The Wine Front – Nectarine, honey and mint, ginger and pink grapefruit. It’s bright, but fleshy, with a fine chalky texture, some straw-like character, tight citrus bite through white fruit, and a long and focussed finish. Top shelf. Lovely now, should age beautifully. 94+ points. Gary Walsh, The Wine Front December 2020
About This Wine
Marsanne 59%, Roussanne 41%. One of our favourites, the 2018 white blend continues a tradition of savoury depth and subtlety. Its youthful delicacy unfurls progressively with time, revealing layers of texture, flavour and nuance that offer fascinating drinking. Opening gently, the nose has aromas of jasmine, honeysuckle, pear and fennel. On the palate there’s a wonderful tension between the breadth of the fruit, the restrained pear skin-driven texture and the citrusy, quincy line of acidity that drives the wine effortlessly along your palate. Always a great food wine for now and in a decade’s time. – Sandra de Pury
Yarra Valley Wine
The Yarra Valley wine region is the most important area of wine production in Victoria today, and with its proximity to Melbourne, also the most visited in the state.
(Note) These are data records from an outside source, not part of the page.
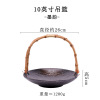 Japanese -style Creative Ceramics Plate Hand -lifted Basketball Hotel Featured Dry Fruit Seduction Drive Mod. Cai Cai Basket Fruit Basketable wholesale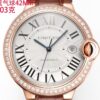 Cartier Ballon Bleu leather strap couple mechanical watch men's and women's watches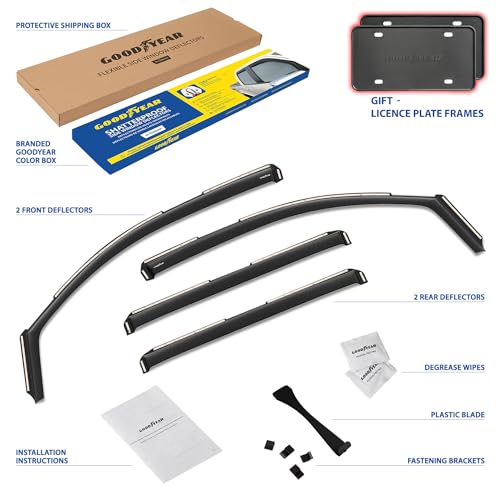 Goodyear Shatterproof in-Channel Window Deflectors for GMC Yukon XL 2015-2020, Rain Guards, Window Visors for Cars, Vent Deflector, Car Accessories, 4 pcs - GY008139 by Goodyear - Used condition - Image 6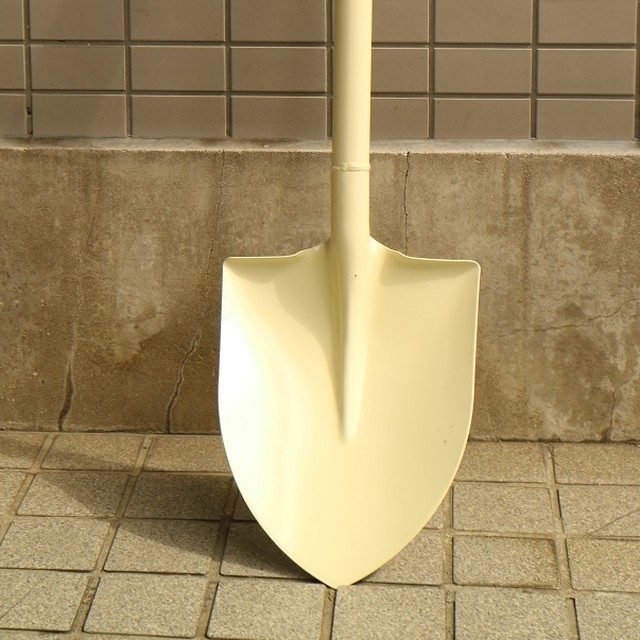 スチール製 剣スコップ 丸スコップ Ynoboru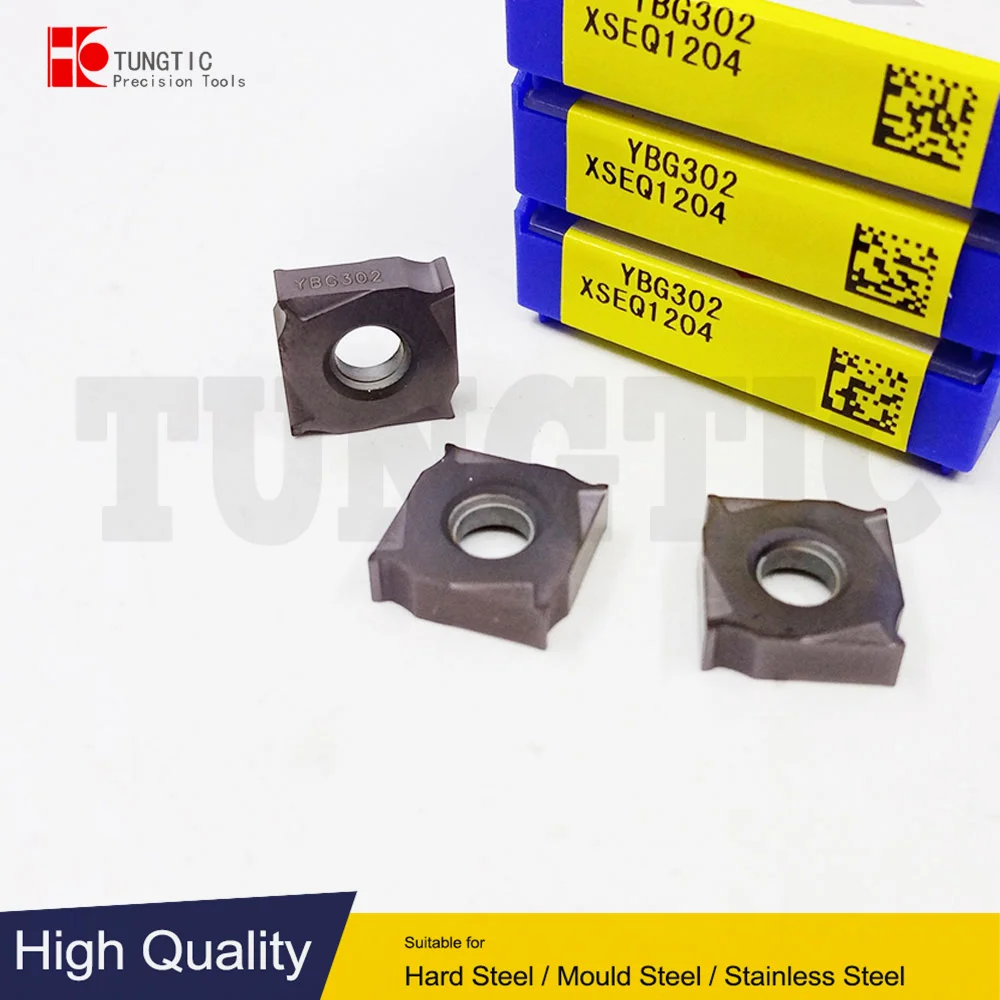 

TUNGTIC XSEQ 1204 XSEQ1204 Milling Inserts Carbide Cutter For Cast Iron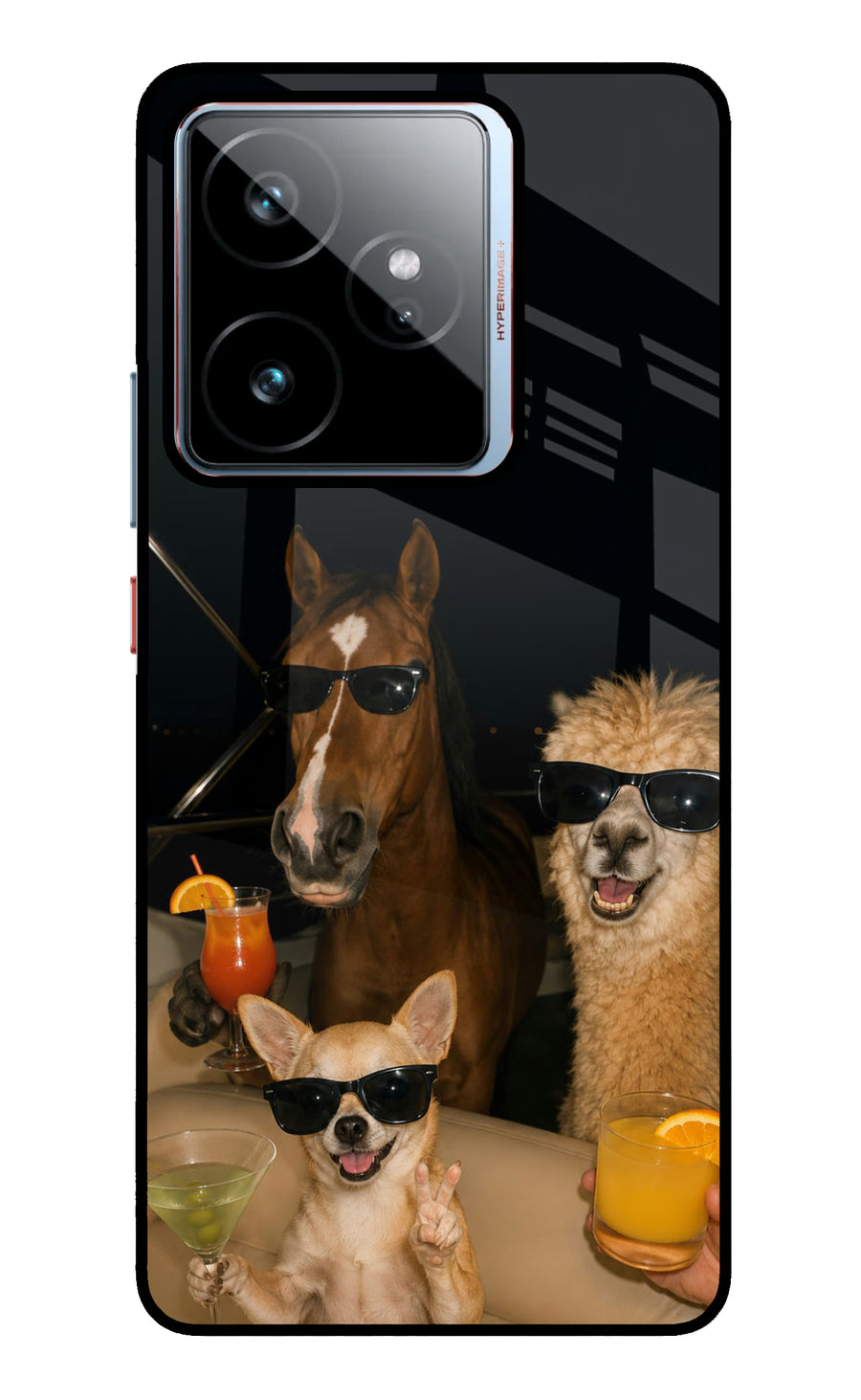 Party Squad Realme GT 7 Back Cover, Metal case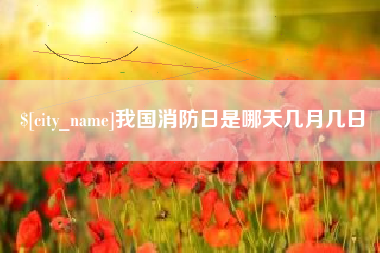 漳州我国消防日是哪天几月几日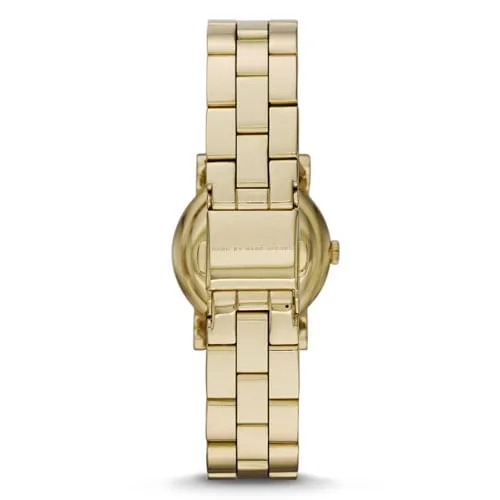 Marc By Marc Jacobs Amy Black Women's Gold Classic Watch MBM3336
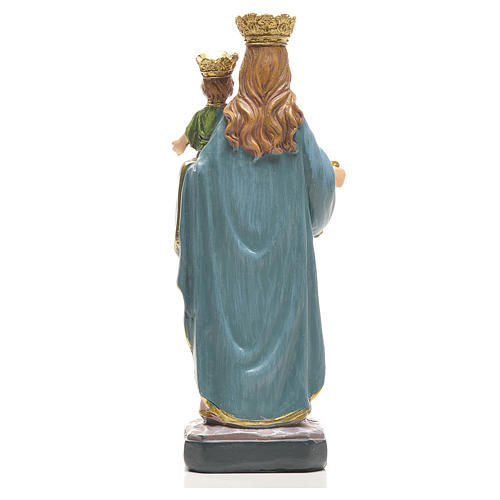 Maria Helferin mit Heiligenbildchen GEBET AUF ENGLISCH 12 cm 2
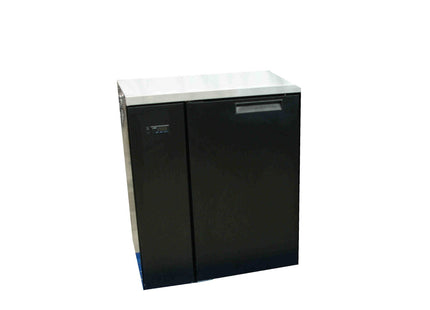 Cameo - One Door Black Colorbond Remote Back Bar Counter Display Refrigerator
Yarra Valley is split into the Upper Yarra and the valley floor. The Upper Yarra is cooler in climate due to its elevation and coupled with younger, fertile, red soils produces most of the region’s notable varietals: Chardonnay and Pinot Noir. The valley floor is warmer and has predominantly grey soils with pockets of granite and limestone.
Pinot noir has long been considered a notoriously difficult variety to grow. However, the cool climate and longer growing seasons of the Yarra Valley allow the fruit to develop full flavoured and ripe character.
Chardonnay in the past has long been associated with a deep oily, buttery style that experiences full malolactic fermentation and great amounts of oak. This style has since fallen out of favour and wine makers in the Yarra Valley have capitalized on this trend to produce leaner, acid driven Chardonnays that are closer in style to those from Burgundy.